Look for common "chunk" types. Once you've grouped your blobby content types into similar pools, zoom in and look for patterns that are unique to each content type. These are are potential candidates for dedicated fields. Some of the common field types we encounter include:
- Links to related content
- Links to downloadable files and embedded media that occur at consistent locations
- Publication or event dates
- Pull quotes, hand-written taglines, author bios, and summaries
- Business and event addresses
- Geographical locations and maps
- Lists of information like features or rules and requirements
- Ratings, prices, and product codes
Most CMS's support multi-value fields that can be used to model repeating elements like feature lists or multiple file attachments. Be sure to note which elements occur once, and which ones repeat.
Rinse and Repeat. Once you've broken things into multiple content types and identified the discrete fields on each one, look for overlaps. Are there several content types that share the same list of fields? Consolidating them into a single type might simplify things. Is there one "Godzilla" content type with dozens and dozens fields? It might really be several types that should be teased apart. The first pass of a content model is a lot like the first draft of an essay: there are always rough edges and awkward parts that need work.
The Tricky Bits
After identifying all of that easy stuff, large and complex sites usually have quite a few ugly blobs that still need to be broken down.
Identify composite content. Sometimes, elements of one content type need to be broken out into their own sub-content-types, with simple parent-child relationships connecting them. Galleries that contain multiple photos, albums that contain multiple songs, and curated pages that include teasers for other content are common examples. If several content types in your model contain the same cluster of fields (like photo, caption, byline, and link, consider splitting out the cluster into a its own dedicated content type. Treating those scenerios as relationships between discrete elements can often simplify complex models.

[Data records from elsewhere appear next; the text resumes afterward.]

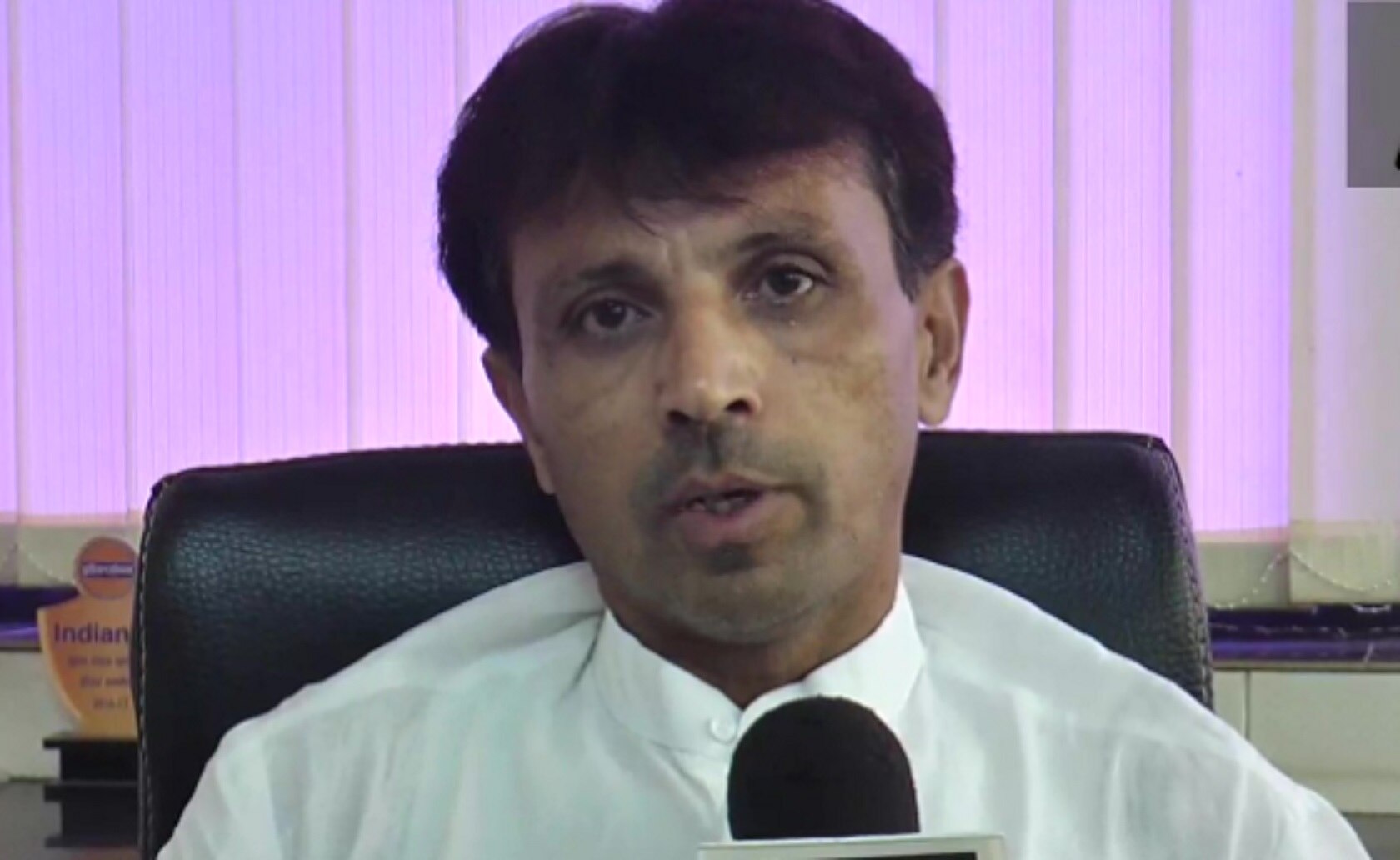 पेट्रोल पंप मालिक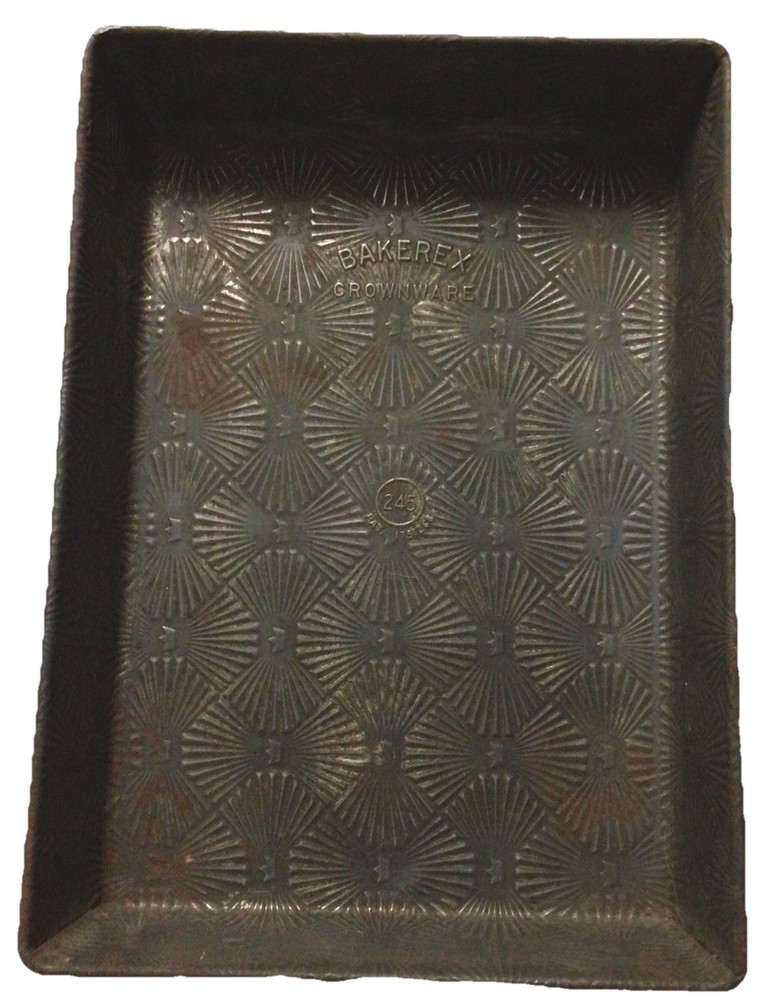 Vtg BAKEREX GROWNWARE Baking Cake Pan 245 Starburst Pattern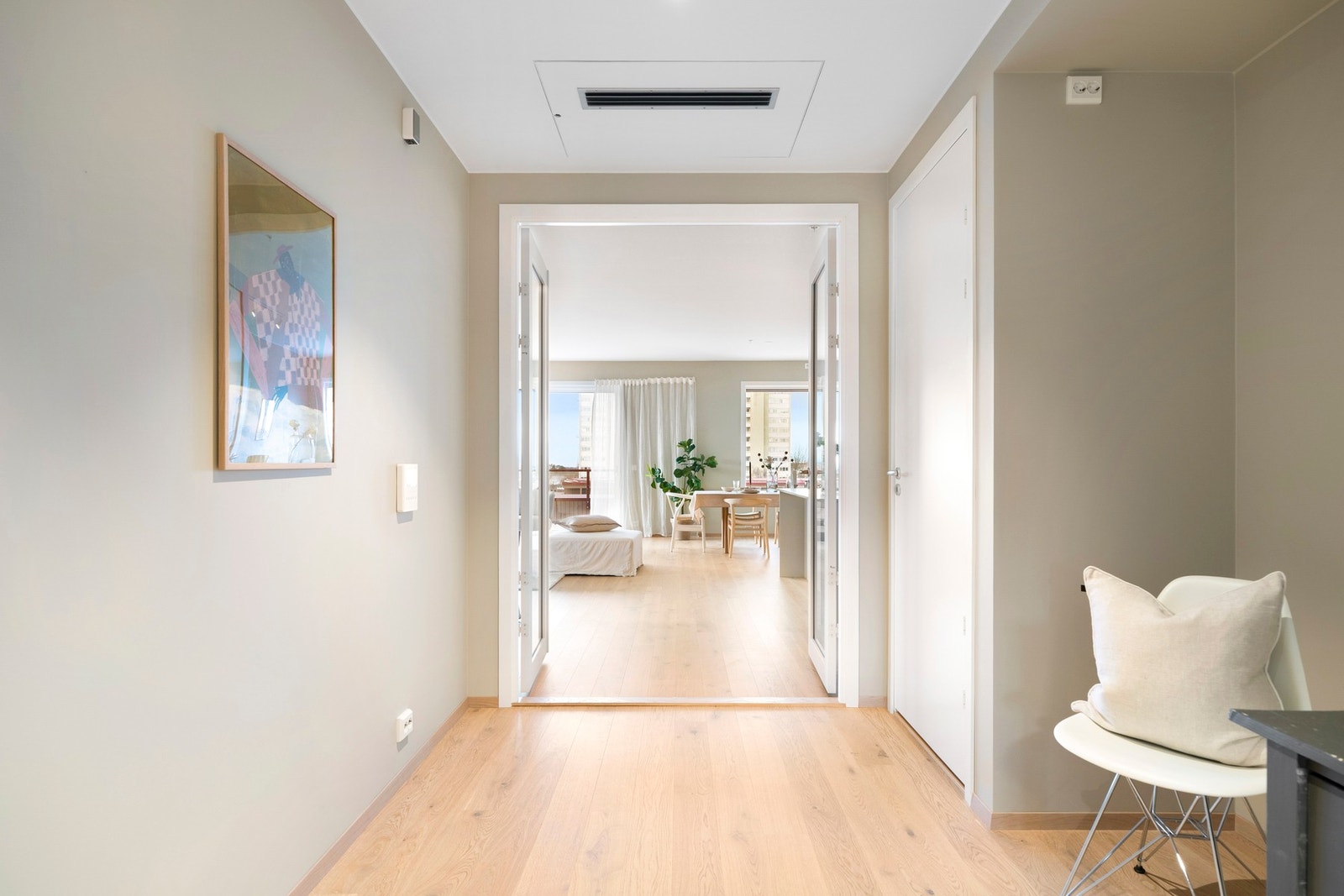 Uttrykket i leiligheten er gjennomført, hvor en enstavs eikeparkett kombineres med duse nyanser på veggene. Galleribilde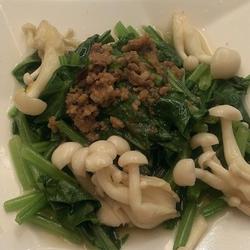 雪白菇拌菠菜的做法[图]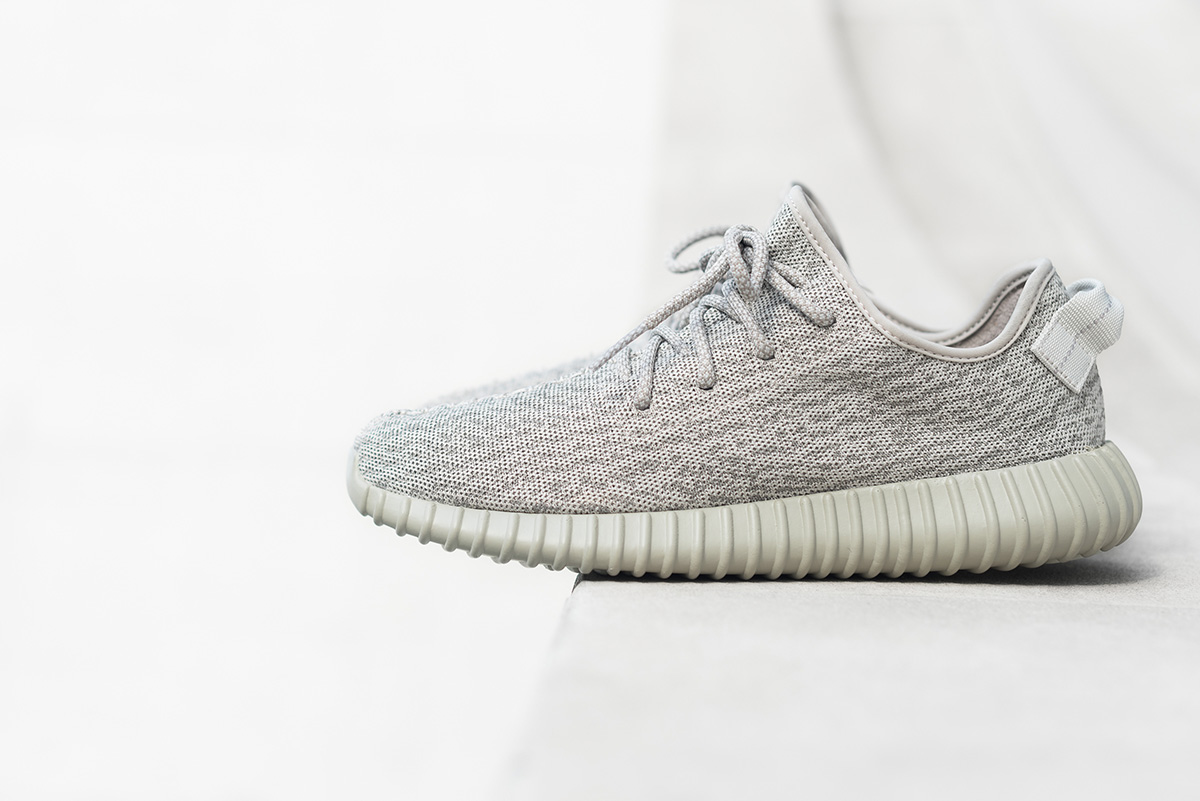 adidas-yeezy-boost-350-moonrock-close-up-09.jpg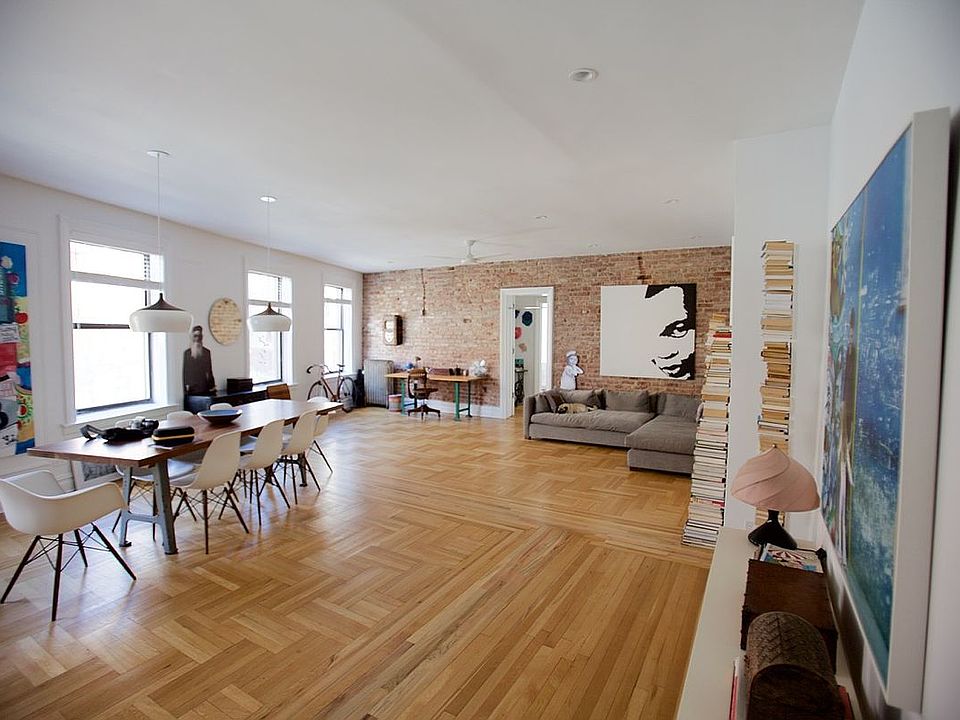 1st image of 860 W 181st St APT 22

Look for common formatting complexities. If you have wireframes or existing pages, look for complex visual formatting around certain elements, in particular the stuff that requires lots of hand-written HTML to implement in a "content blob." Comparison tables are a common offender here. Breaking these out into dedicated fields whenever possible can help prevent massive pain when a piece of content needs to be displayed differently in new channels.
Watch for design elements that change based on context. If you're building a responsive or adaptive site, or have access to designs for mobile apps or other output channels, keep an eye out for elements that appear differently or conditionally based on breakpoints, target device, and so on. It seems obvious, but controlling small elements is infinitely easier when they're broken out as discrete fields.
Plan for searching and filtering. Try to identify as many different filtered lists of content as possible. Faceted search screens, topical landing pages, author-based blogs, product lists, and so on can't be built efficiently without the right data. If the lists and search indexes that you need don't correspond to fields you've already broken out, remember to add additional ones for the required metadata.
Isolate the crazy. Inevitably, complex designs end up requiring "helper" content that doesn't seem to fit the well-understood content types the site's stakeholders imagine. Slides for promotional rotators, free-floating promotional microcontent for landing pages… These tend to be highly variable and often need the kind of raw-HTML flexibility that we're trying to avoid. Isolating them in their own content types and living with the cordoned-off craziness can help simplify models with overloaded, field-heavy primary types.
Recognize when markup is good enough. Despite all the talk about the dangers of blobs, it is possible to go too far. Replacing every HTML div and span with a dedicated field simply to avoid raw markup is overkill, and can easily result in 'Edit Screens of Doom.' Modern WYSIWYG editors generally support plug-in systems, and developing a button to "insert caption here" or "style paragraph as warning" can be a simpler solution. This is where I repeat the warning: There's no perfect content model, only the one that works for your project.
Test the Model
The long-term impact of a bad model on a site's maintainability can be frustrating, but it's also impossible to predict every future application the content will be used for. Iteratively testing the model against real-world content and potential applications is critical.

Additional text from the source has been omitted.